**Exercise:** The required output is the exact run of lines from the one that contains "VEVOR 트레일러 잭" to the end of the data, with every picture left out.

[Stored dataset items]
════════════════════

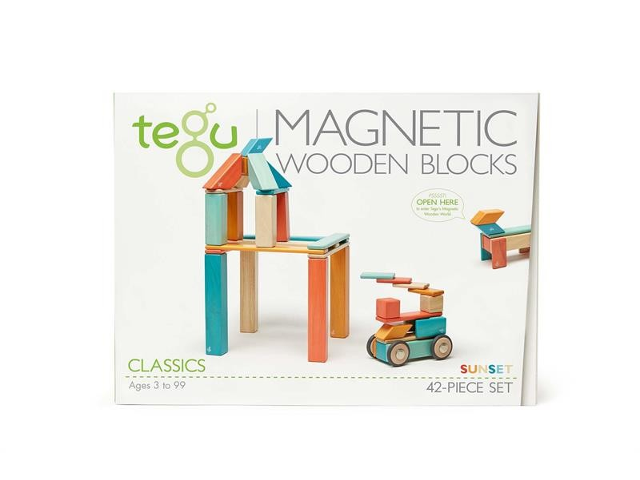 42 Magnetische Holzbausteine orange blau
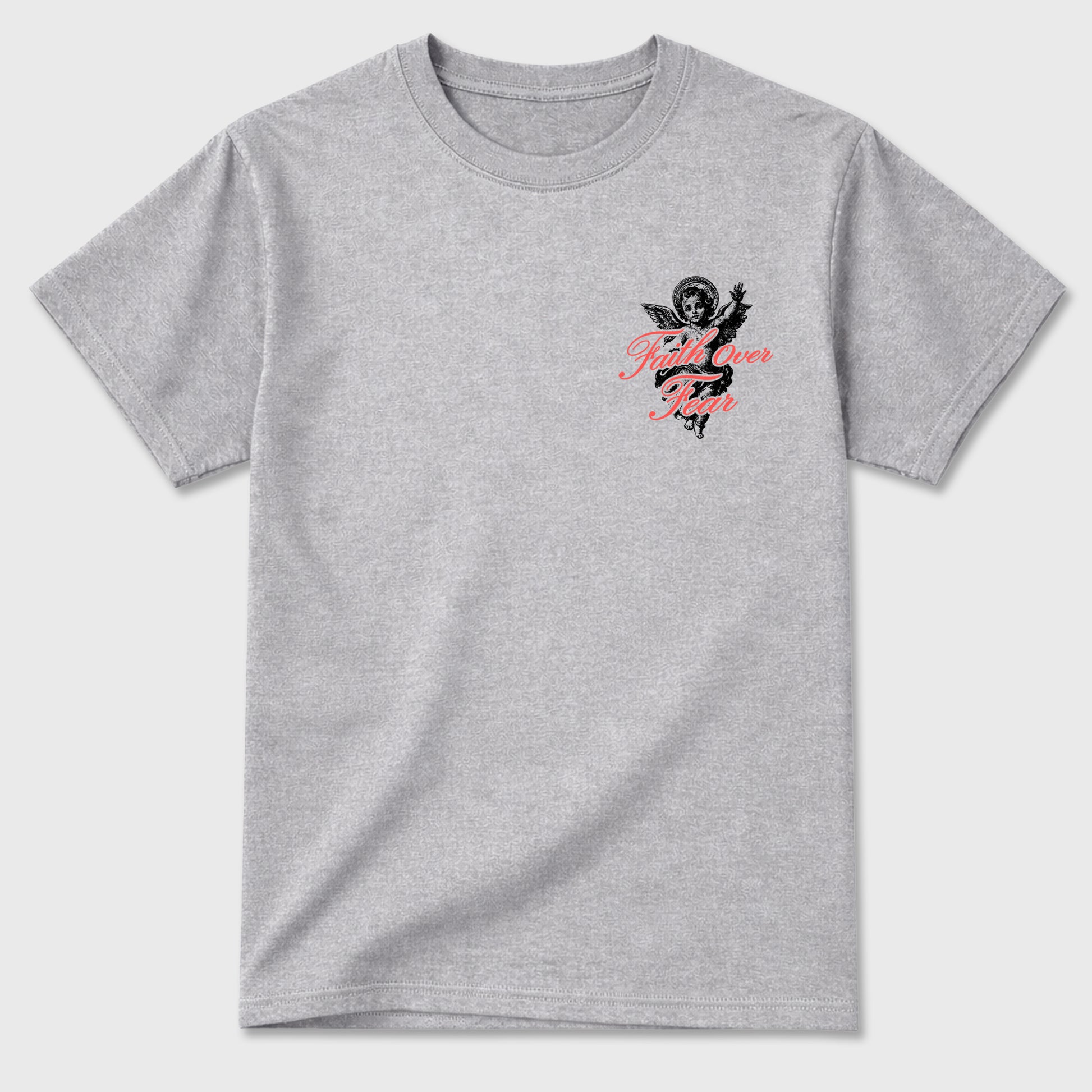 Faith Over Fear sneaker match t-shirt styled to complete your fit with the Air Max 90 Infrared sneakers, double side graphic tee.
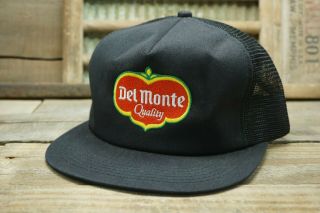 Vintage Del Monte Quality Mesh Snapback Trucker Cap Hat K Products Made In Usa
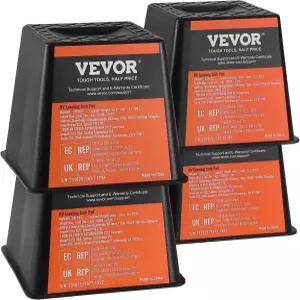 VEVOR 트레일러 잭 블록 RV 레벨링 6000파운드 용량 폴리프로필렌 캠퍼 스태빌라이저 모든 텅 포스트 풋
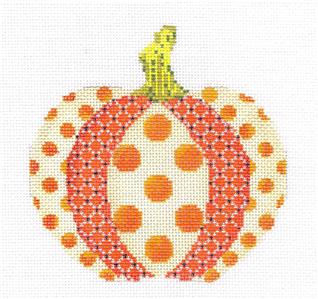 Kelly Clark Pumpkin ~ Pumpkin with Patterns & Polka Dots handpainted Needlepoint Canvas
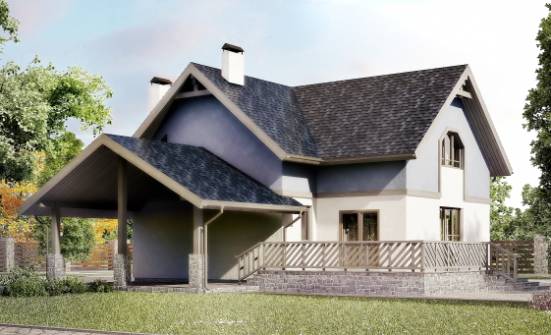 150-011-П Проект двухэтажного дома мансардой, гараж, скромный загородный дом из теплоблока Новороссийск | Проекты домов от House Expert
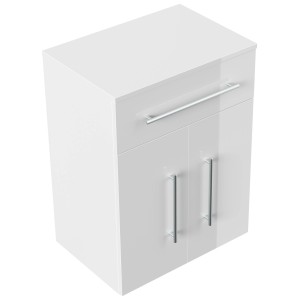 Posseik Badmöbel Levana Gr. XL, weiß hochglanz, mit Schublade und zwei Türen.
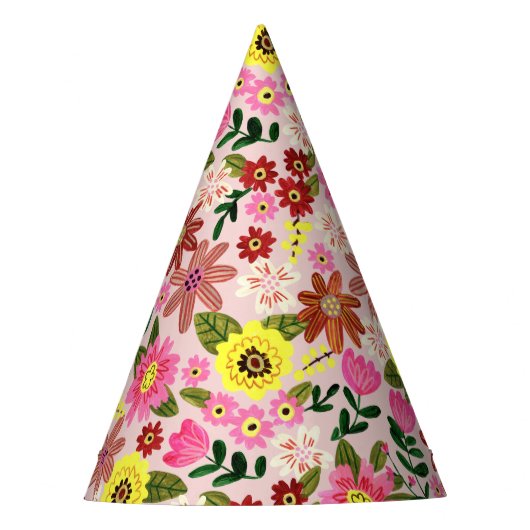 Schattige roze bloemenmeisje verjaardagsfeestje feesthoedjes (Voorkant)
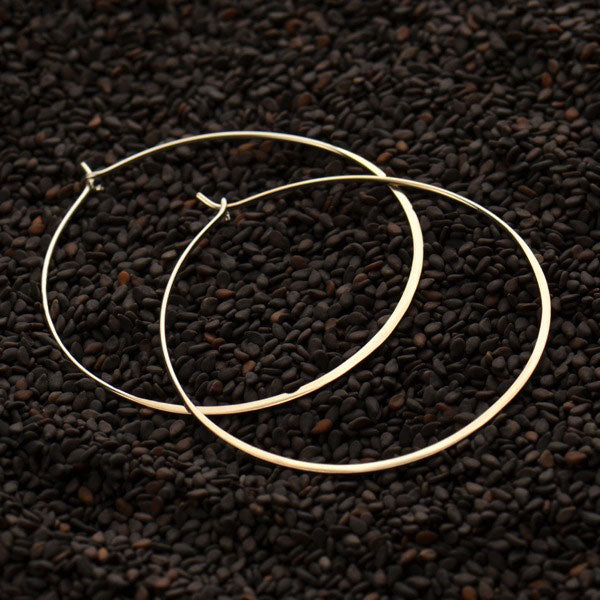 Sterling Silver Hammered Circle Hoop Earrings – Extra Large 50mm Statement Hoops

════════════════════

**Response to this exercise:**
 VEVOR 트레일러 잭 블록 RV 레벨링 6000파운드 용량 폴리프로필렌 캠퍼 스태빌라이저 모든 텅 포스트 풋
 Kelly Clark Pumpkin ~ Pumpkin with Patterns & Polka Dots handpainted Needlepoint Canvas
 150-011-П Проект двухэтажного дома мансардой, гараж, скромный загородный дом из теплоблока Новороссийск | Проекты домов от House Expert
 Posseik Badmöbel Levana Gr. XL, weiß hochglanz, mit Schublade und zwei Türen.
 Schattige roze bloemenmeisje verjaardagsfeestje feesthoedjes (Voorkant)
 Sterling Silver Hammered Circle Hoop Earrings – Extra Large 50mm Statement Hoops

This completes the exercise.